The combustion chamber experiment was carried out, and emission gas was analyzed using Gas Chromatograph (GC). The research showed that as the biodiesel volume percent increased, the linearly increased combustion temperature and pressure linearly increased. Aluminum (Al), Calcium (Ca), Chromium (Cr), Iron (Fe), Potassium (K), Magnesium (Mg), Sodium (Na), Sulfur (S), and Silicon (Si) were the major elements found in the PM emissions, with Na being the highest component. Understanding key elements of this chemistry is an important step toward intelligently selecting engine design, feedstock, combustion conditions, and next-generation alternative fuels.

This paper focuses on the development of a simple model to reproduce the reaction pathways of the biodiesel combustion observed in the laboratory. The general findings are also compared with transit buses running on B20 biodiesel.

Physical properties (cloud point, kinematic viscosity, and flash point) of biodiesel blends were measured. The physical properties of the biodiesel can be accounted for the pollutants released during its combustion in an engine.

Four different biodiesel blends (10, 20, 50, 100%) based on three feedstocks (white grease, soybean, and waste cooking oil) were tested, and the results were compared with ultra-low-sulfur diesel (ULSD). Of course, all tests were conducted according to the American Society for Testing and Materials (ASTM) standard methods.

The tested properties showed strong dependence on blends, which means that the percentage of biodiesel in a biodiesel/ULSD mixture is an important factor that determines the biodiesel properties. The research also found that the type of feedstock is a controlling factor in the biodiesel properties. Contents of saturated fatty acids and triglycerides at higher percentages are thought to be the main determinant of the degree of the dependence. It also causes undesired variations in the cold flow properties, kinematic viscosity, and flash point.

These variations may be controlled through modifications in the trans-esterification process or by using additives, which is much needed for a better future in which biodiesel plays a vital role in transportation.
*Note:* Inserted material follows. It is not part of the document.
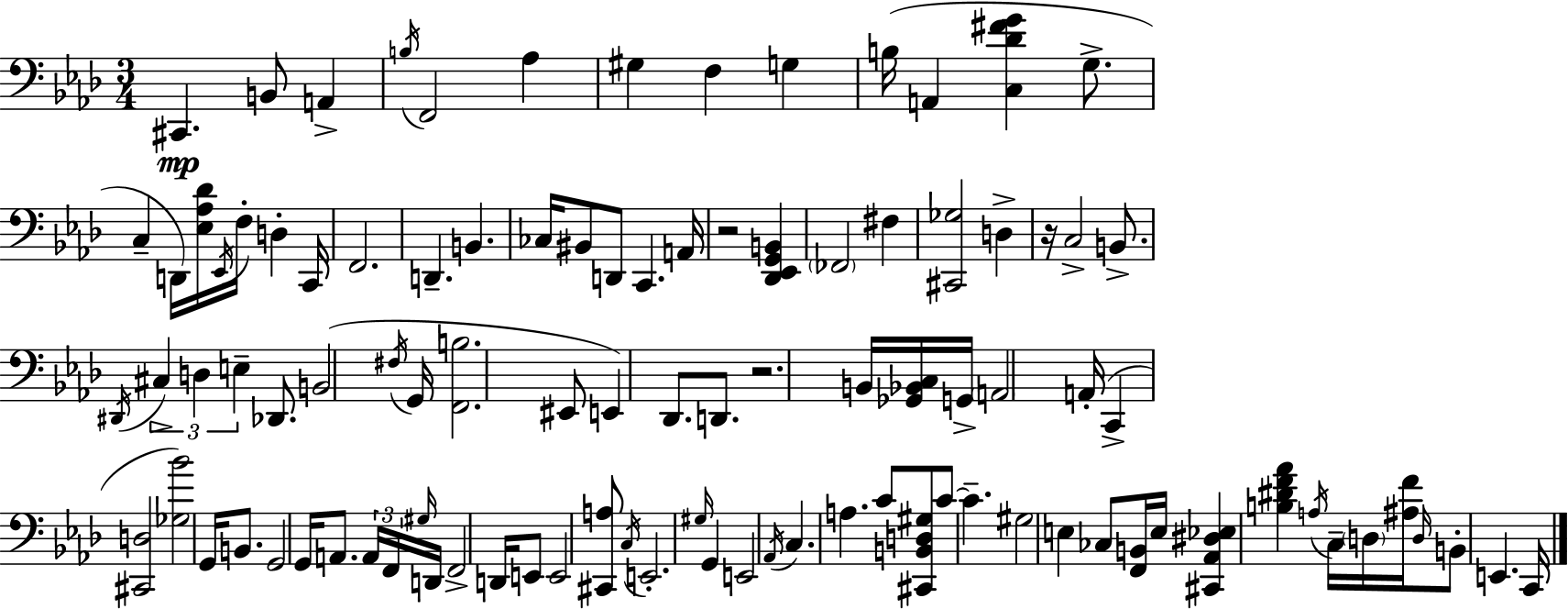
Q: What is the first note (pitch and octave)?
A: C#2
The physical properties of the biodiesel can be accounted for the pollutants released during its combustion in an engine.  
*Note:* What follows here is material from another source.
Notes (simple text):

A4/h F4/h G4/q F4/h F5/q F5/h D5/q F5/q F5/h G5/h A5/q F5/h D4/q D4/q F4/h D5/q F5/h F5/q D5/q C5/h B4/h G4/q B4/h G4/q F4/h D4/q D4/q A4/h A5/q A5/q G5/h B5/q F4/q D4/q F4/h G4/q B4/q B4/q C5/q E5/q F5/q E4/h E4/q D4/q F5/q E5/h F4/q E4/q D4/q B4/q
As a part of outreach activities, Mr. Omidvarborna and Mr. Kuppili will present individual posters at the Air and Waste Management Association’s (AWMA) 107th annual conference and exhibition in Long Beach, Calif., June 24-27, 2014.

Mr. Omidvarborna will present two papers – “Analysis of Particulate Matter (PM) from the Exhaust of Biodiesel Transit Buses under Idling Conditions” and “Experimental Evaluation of a Biodiesel Combustion Model Using a Laboratory Reactor” – in the technical and student poster sections.

Mr. Kuppili will present one paper, “Biodiesel Properties Depending on Blends and Feedstocks: Cloud Point, Kinematic Viscosity and Flash Point,” in the technical poster section.